Robert M. Rutherford

Robert M. Rutherford, 61, of League City, passed away February 28, 2024, at his home.  Robert was born March 29, 1962 to Claribel and Gene Rutherford in Dallas Texas.  He supported his family as a plant operator for DOW chemical for many years. Robert will be remembered as a loving husband, father, and grandfather.

Robert was preceded in death by his parents and a brother Gary Rutherford.

He leaves behind to cherish his memory his devoted wife of 34 years Lee Renee Rutherford; daughters Marinda Haberer, and Chelsea Rutherford; sons Mark Copeland and wife Clarissa, Cody Copeland and wife Kathryn, and Caleb Rutherford; brothers Rick Rutherford and wife Mary, and David Rutherford and wife Susan; grandchildren Jonathan Haberer, Nyah Haberer, Jacob Haberer, Addison Copeland, Cadence Copeland, Kalian Copeland, Uriel Copeland, Eli Kight and Emmit Kight; and numerous other family members and friends.

In his honor there will be a graveside service 10:00 AM, Tuesday, March 5, 2024, at Mt. Olivet Catholic Cemetery, Dickinson, TX and a celebration of his life at 11:00 AM, Tuesday, March 5, 2024 at the Kemah Elks Lodge 623 Hanson Rd. Kemah Tx 77565

Honored to serve as pallbearers are Mark Copeland, Cody Copeland, Jacob Haberer, Rick Rutherford, Bobby Griffin, and Jonathan Haberer.

 

If Tomorrow Starts Without Me

If tomorrow starts without me, and I’m not here to see,

If the sun should rise you find your eyes all filled with tears for me;

I wish so much you wouldn’t cry the way you did today,

While thinking of the many things we didn’t get to say.

I know how much you love me, as much as I love you

And each time that you think of me, I know you’ll miss me too. But when tomorrow starts without me please try to understand, That an angel came and called my name and took me by the hand.

He said my place was ready, in heaven far above

And that I’d have to leave behind all those I dearly love.

But as I turned and walked away a tear fell from my eye.

For all my life I’d always thought, I didn’t want to die.

I had so much to live for, so much left yet to do.

It seemed almost impossible that I was leaving you.

I thought of all the yesterdays the good ones and the bad.

I thought of all the love we shared, and all the fun we had. If I could relive yesterday, just even for a while,

I’d say goodbye and kiss you and maybe see you smile.

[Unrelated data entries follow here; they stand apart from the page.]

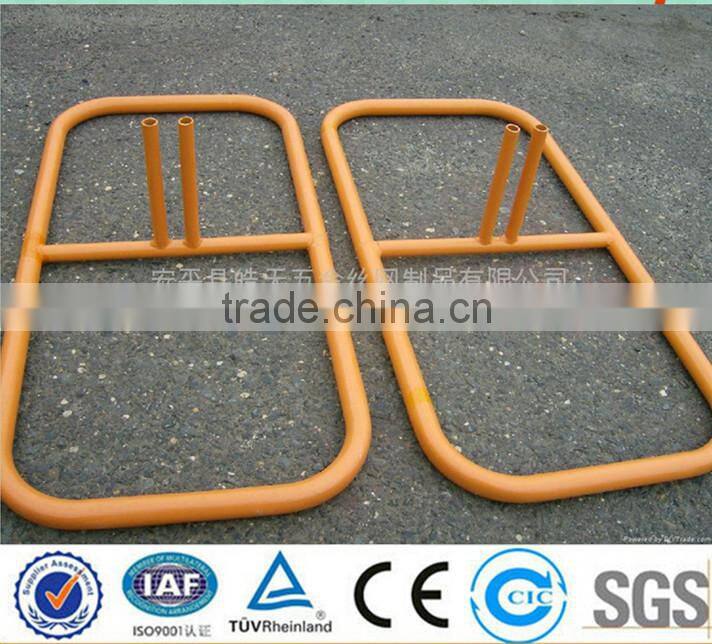 temporary fencing chain link fencing america temporary fencing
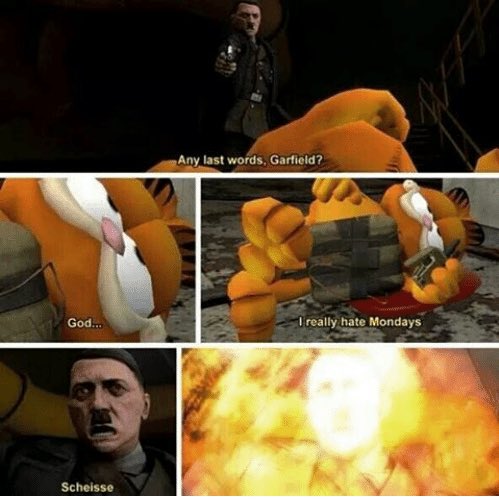 DIcN12VUQAAHdv6.jpg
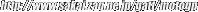 http://gatt.nobody.jp/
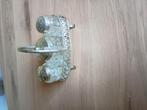 Brocante peper zout mosterd stel, Ophalen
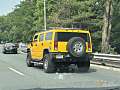 Hummer H2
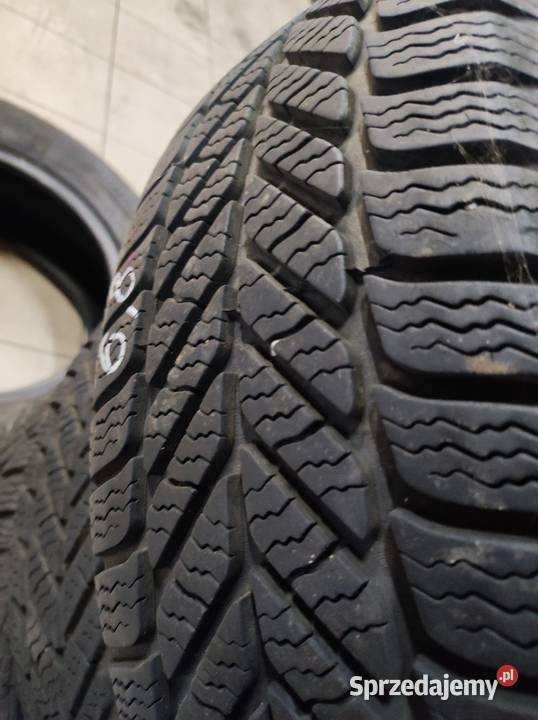 Opony Dębica Frigo 2 19565R15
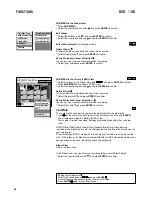 Preview for 40 page of Panasonic Diga DMR-EZ45VEBS Operating Instructions Manual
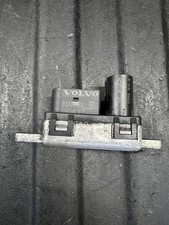 Bougies de préchauffage Volvo S90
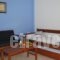 Mediterranean'S Studios Apartments_best deals_Apartment_Crete_Chania_Falasarna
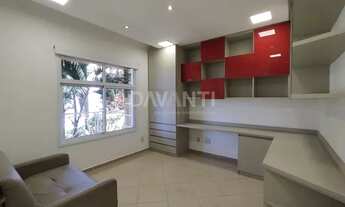 Imagem 7: Casa - Jardim Recanto - Valinhos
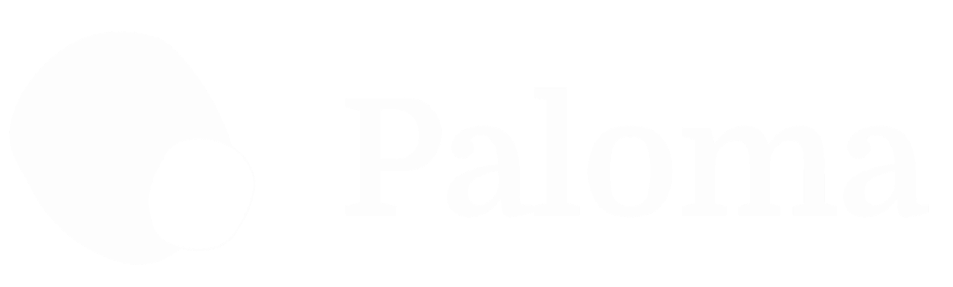 Paloma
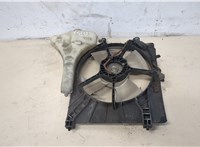  Вентилятор радиатора Honda Accord 7 2003-2007 20330894 #3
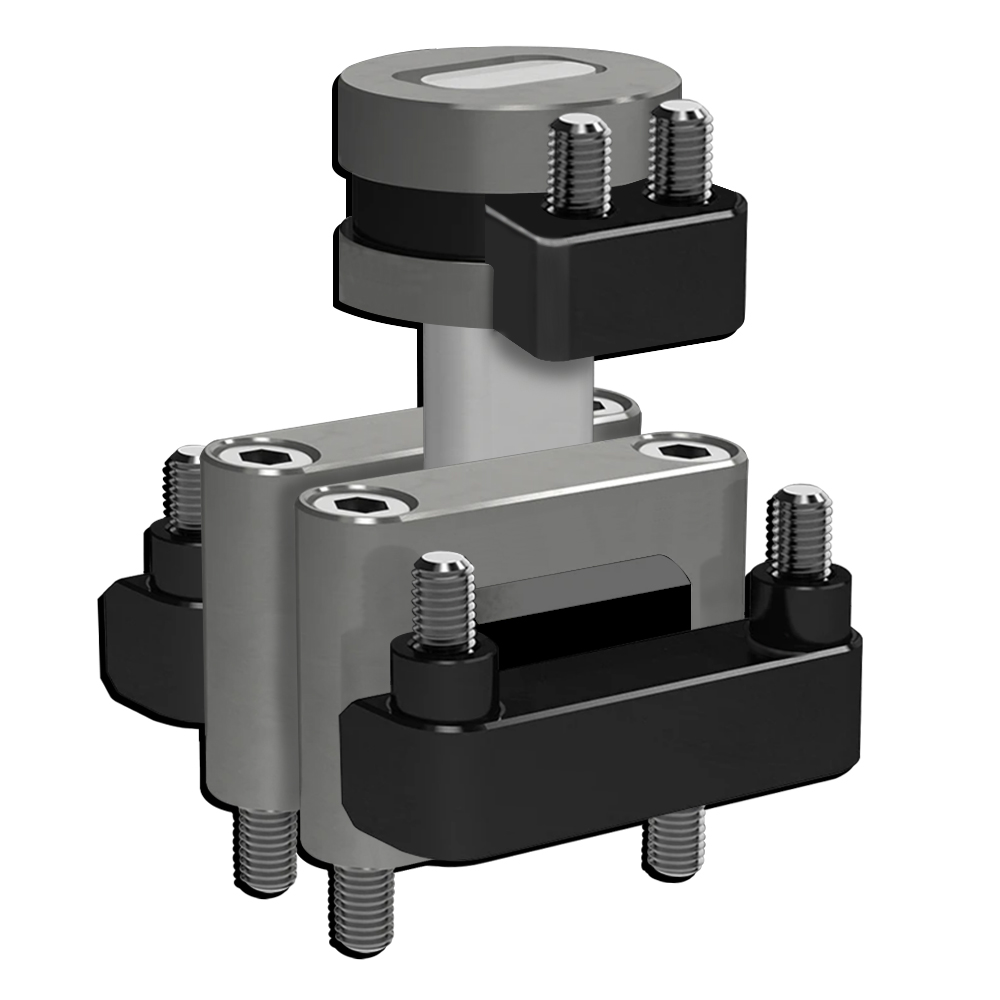 Backenhet f�r komplexa Undersk�r (CU)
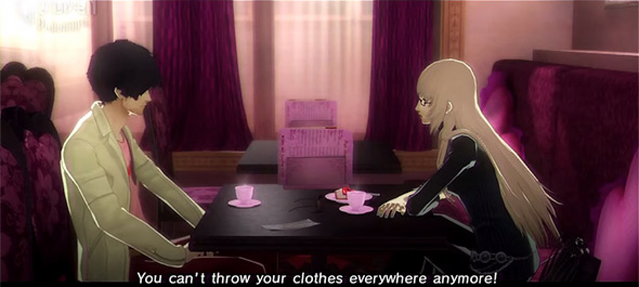 File:KatherineOverbearing.png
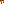 Destellos dst-1661711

But then I fully realized that this could never be,

For emptiness and memories would take the place of me.

When I thought of worldly things I might miss come tomorrow

I thought of you and when I did my heart was filled with sorrow. When I walked through heavens gates I felt so much at home.

God looked down and smiled at me from his great golden throne He said, “This is eternity and all I’ve promised you”

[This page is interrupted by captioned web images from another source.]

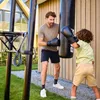 Sac de boxe PlayBase Voir les images du produit 12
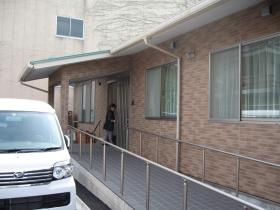 事業所の情報＿００８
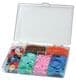 M3012 Beads and Buttons Organiser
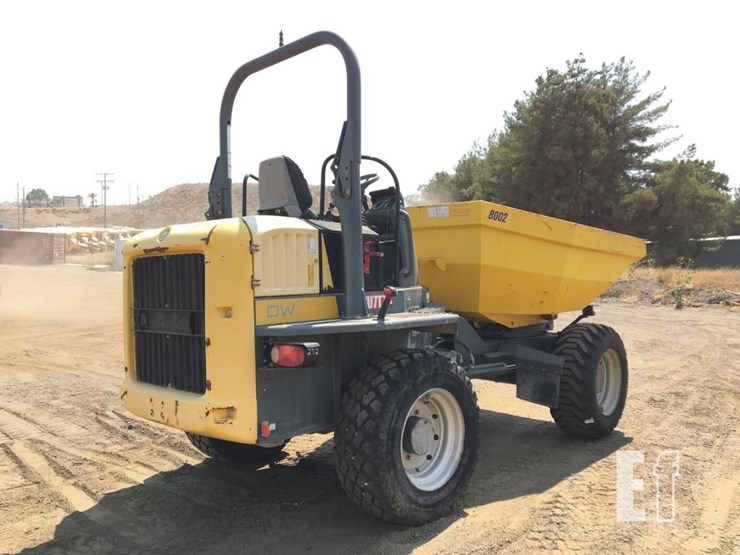 2015-wacker-neuson-dw60-image-3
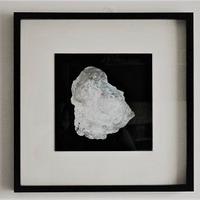 Fotografia d'arte titolo: Fontana#1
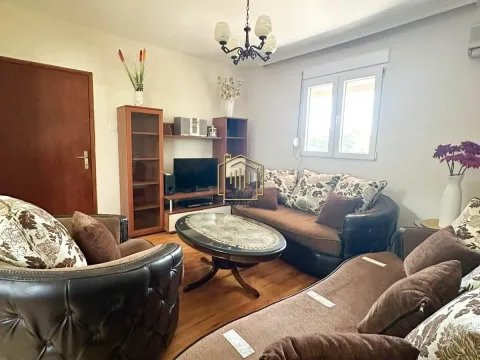 Prodaja, kuća, 103m², Zagorič, Podgorica - image 7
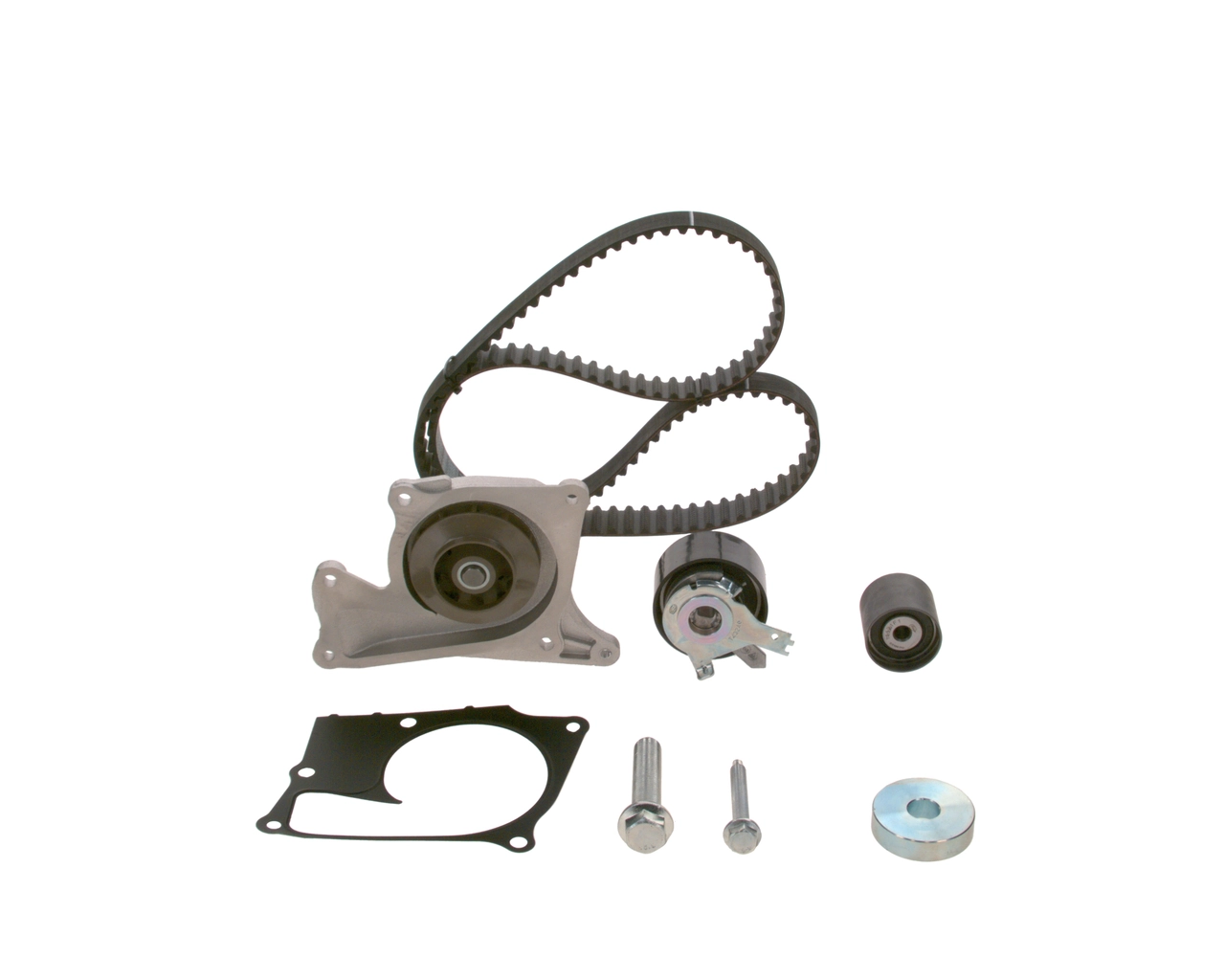 BOSCH 1987946395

Today your life on earth has passed but here life starts anew. I promise no tomorrow, but today will always last

And since each day is the same there’s no longing for the past. You have been so faithful so trusting and so true.

Though there were times you did some things you knew you shouldn’t do.

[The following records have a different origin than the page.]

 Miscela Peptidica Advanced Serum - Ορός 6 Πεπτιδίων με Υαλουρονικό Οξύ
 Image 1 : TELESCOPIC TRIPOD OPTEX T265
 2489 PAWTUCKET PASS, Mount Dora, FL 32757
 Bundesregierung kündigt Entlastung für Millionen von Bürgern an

You have been forgiven and now at last you’re free.

So won’t you come and take my hand and share my life with me?

So when tomorrow starts with out me don’t think we’re far apart, For every time you think of me, I’m right here in your heart.

4 comments

  1. So sorry for your loss. I’ve been praying for Robert & Renee over the years since we were Nassau Bay neighbors and will continue to pray for your family.

    Dan Young

    Dan Young
  2. I am so sad for my dear sweet sister and her wonderful family that it was time for Robert to join family in Heaven, He made Renee laugh, he made Renee smile, heck he even made her clinch her fist at times too but they always ended up smiling 🙂 Our awesome sweet Sister Renee has always been such a bubbly and fun person as far back as I can remember, and she always felt so complete with Robert, they sure were some crafty little fellers when they were together they could make any dad bern anything!! I know this time is so hard for all of you right now but he does not feel pain anymore and he is with his family and our family in Heaven now, I love you all and I am so sorry your hearts are hurting right now. God bless and RIP Robert.

    Lil Bruddah “Pat”
  3. I had the opportunity to cross paths with Mr. Rutherford while assisting him during his clinic visits at work. He was genuinely nice and cordial always no matter how hard things would get for him. It was a pleasure to have assisted him and Ms. Renee during some of the challenging times of life. I will always remember his smile and as being part of our Dow family. Our deepest condolences to his wife and the rest of his wonderful family.

    Rosa Solares

    Rosa Solares
  4. Robert, my best buddy from our Jr High days.

    Every morning I walked to your house so we could catch the bus together. After school we would make sandwiches in your kitchen. Gary and I would “jam” with his guitar and my drums.

    We created many memories that we will recall together when we meet someday in the presence of the Lord.

    Rest in comfort and peace, my friend.